Sunday, August 31, 2025

The Tit and the Moon (Bigas Luna, 1994)

Biel Duran in The Tit and the Moon

Cast: Biel Duran, Mathilda May, Gérard Darmon, Miguel Poveda, Abel Folk, Laura Mañá, Genis Sánchez, Xavier Massé, Victoria Lepori, Xus Estruch, Jane Harvey. Screenplay: Cuca Canals, Bigas Luna. Cinematography: José Luis Alcaine. Production design: Aimé Deudé. Film editing: Carmen Frías. Music: Nicola Piovani. 

As the title suggests, The Tit and the Moon is one of Bigas Luna's ribald skewerings of the Spanish male ego. But what sets it apart from Jamón, Jamón (1992) and Golden Balls (1993), its predecessors in Luna's "Iberian Trilogy," and what makes it somehow more shocking, is that the protagonist is a 9-year-old boy. Tete (Biel Duran) develops a breast fixation when his mother (Laura Mañá) gives birth to a baby brother. Watching her nurse the infant, Tete begins to long for a breast he can call his own, and wishes on the moon for it. So when Estrellita (Mathilda May), a beautiful, well-endowed Frenchwoman, arrives in his small Catalonian town, he thinks his wish has been fulfilled. But he has rivals for her attention, not only her husband, Maurice (Gérard Darmon), but also a local, Miguel (Miguel Poveda), whose flamenco love songs attract her attention. The rest is a fantasia, narrated from Tete's not always reliable point of view, involving human pyramids, farting, a waterbed, a pet frog, motorcycles, a bodybuilder called Stallone, and much else. It's not like any other coming of age movie, and not all of it works, but it holds your attention if only because you keep wondering what will happen next.  


Saturday, August 30, 2025

EO (Jerzy Skolimowski, 2022)

Sandra Drzymalska in EO

CastSandra Drzymalska, Tomasz Organek, Mateus Kosciukiewicz, Lorenzo Zurzolo, Isabelle Huppert, Lolita Chammah, Agata Sasinowska, Anna Rokita, Michal Przybyslawski, Gloria Iradukunda, Piotr Szaja. Screenplay: Ewa Piaskowska, Jerzy Skolimowski. Cinematography: Michal Dymek. Production design: Roberta Amodio, Miroslaw Koncewicz. Film editing: Agnieszka Glinska. Music: Pawel Mikyetin. 

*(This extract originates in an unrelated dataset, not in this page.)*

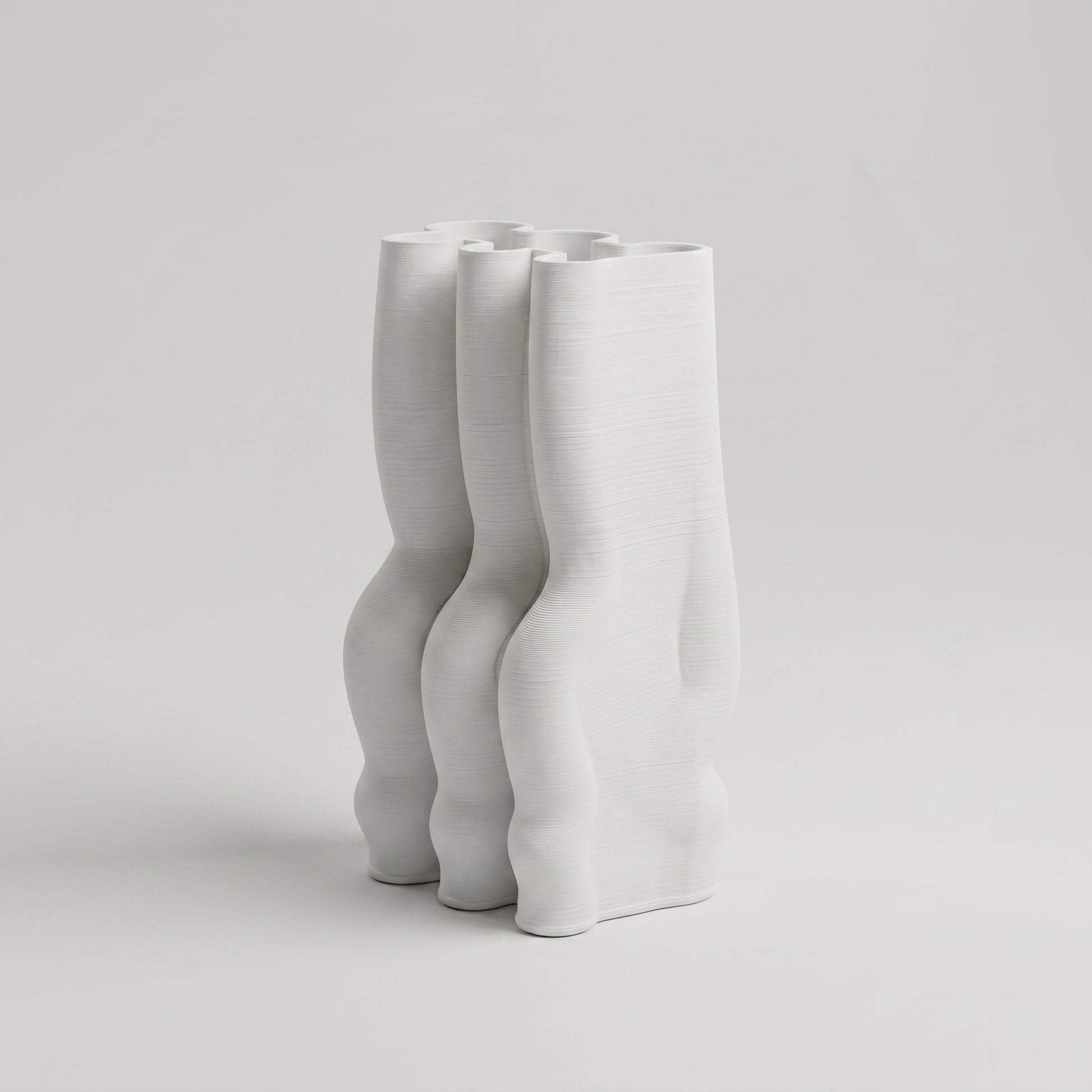 White Wavy Contour Ceramic Flower Vase By Zodiya-6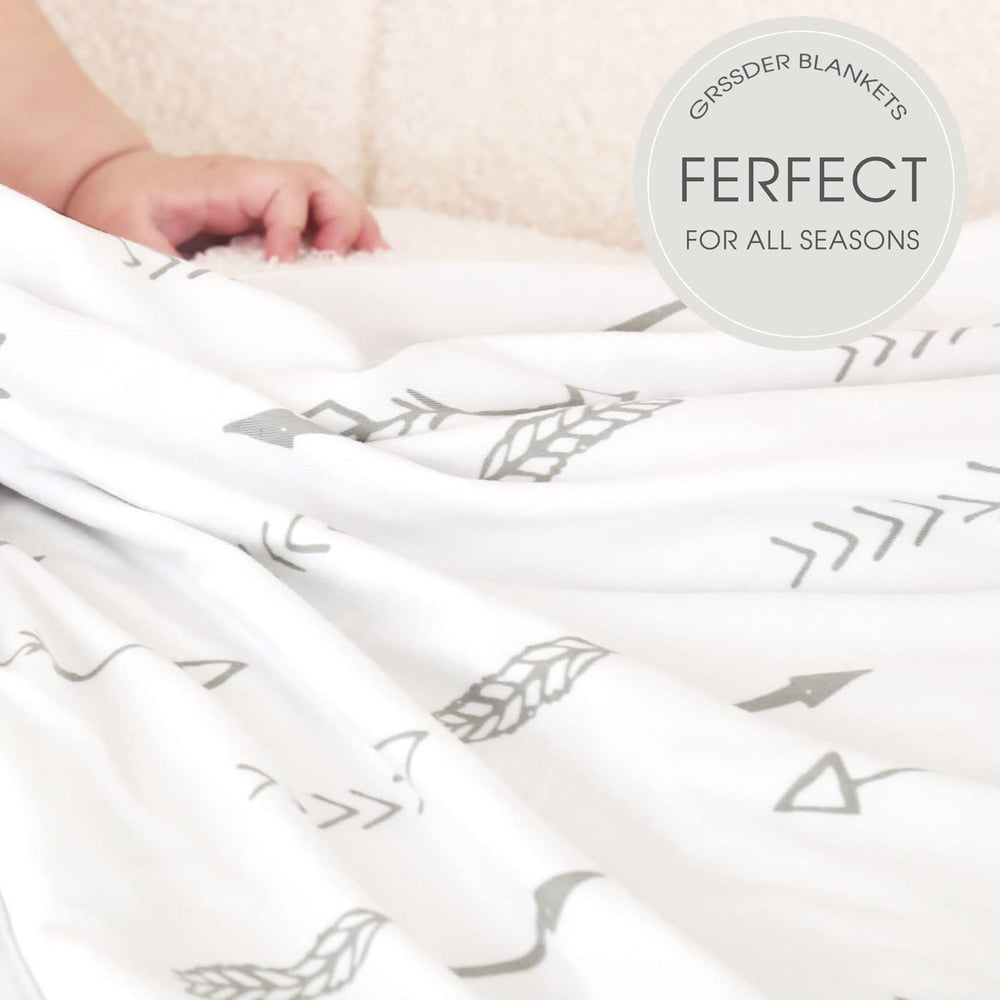 GRSSDER easy-care blanket shown as machine-washable and durable.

"I don't know whether I'm stealing you or saving you," a character says to the titular donkey of Jerzy Skolimowski's EO, which pretty much sums up the moral conundrum of a film in which no good deed goes unpunished. The animal rights activists who succeed in shutting down the circus in which Eo has performed only leave the donkey adrift in a world strange to him. Kasandra (Sandra Drzymalska) thinks she's being kind to Eo when she seeks him out and visits him after the circus closes, but she only awakens his desire to follow her, which he does at his peril. The vet who heals him instead of euthanizing him after he's beaten nearly to death only postpones the inevitable. And Vito (Lorenzo Zurzolo), who is the one who either steals or saves him, leads the animal further astray in his odyssey. The film could be interpreted as an indictment of cruelty to animals, but the humans in it are perhaps even crueler to one another. As a fable, EO is tangled in ambiguities and tinged with nihilism, unlike the film to which it's an homage, Robert Bresson's Au Hasard Balthazar (1966), in which the donkey is a suffering saint. No one is redeemed by Eo's fate, so it's better to see it as an expression of Skolimowski's vision, tenuous and complex and unresolved as most visions are, full of images that haunt and tantalize. 


Friday, August 29, 2025

Anesthesia (Tim Blake Nelson, 2015)

Sam Waterston in Anesthesia

Cast: Sam Waterston, Corey Stoll, Tim Blake Nelson, Kristen Stewart, Gretchen Mol, Glenn Close, K. Todd Freeman, Michael Kenneth Williams,  Hannah Marks, Ben Konigsberg, Natasha Gregson Wagner, Jessica Hecnt, Scott Cohen, Gloria Reuben, Yul Vazquez, Richard Thomas, Annie Parisse, Lucas Hedges. Screenplay: Tim Blake Nelson. Cinematography: Christina Alexandra Voros. Production design: Tina Goldman. Film editing: Mako Kamitsuna. Music: Jeff Danna. 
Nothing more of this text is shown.